#### [Work to be completed]
In the copy of the lines below, leave out pictures and print everything else exactly.

#### [Given material]
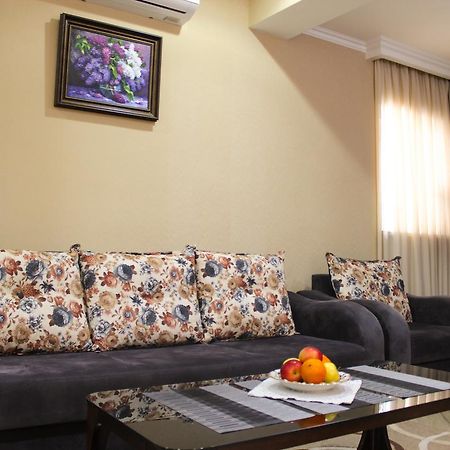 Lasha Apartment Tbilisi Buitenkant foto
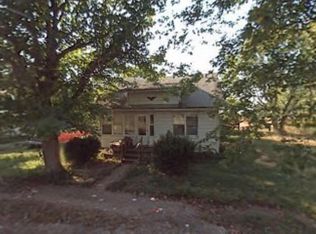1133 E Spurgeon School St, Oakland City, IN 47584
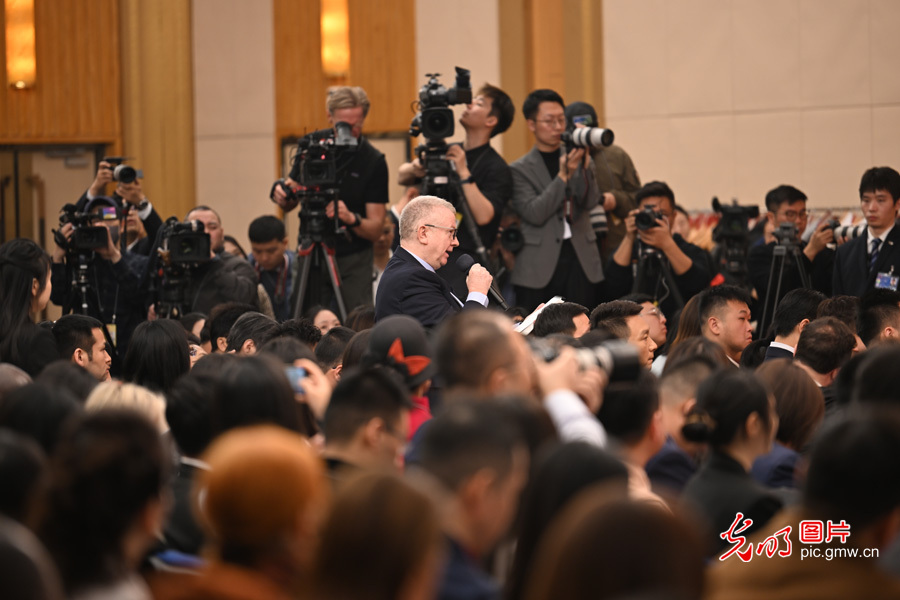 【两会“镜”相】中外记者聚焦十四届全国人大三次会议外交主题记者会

#### [Exercise response]
 Lasha Apartment Tbilisi Buitenkant foto
1133 E Spurgeon School St, Oakland City, IN 47584
 【两会“镜”相】中外记者聚焦十四届全国人大三次会议外交主题记者会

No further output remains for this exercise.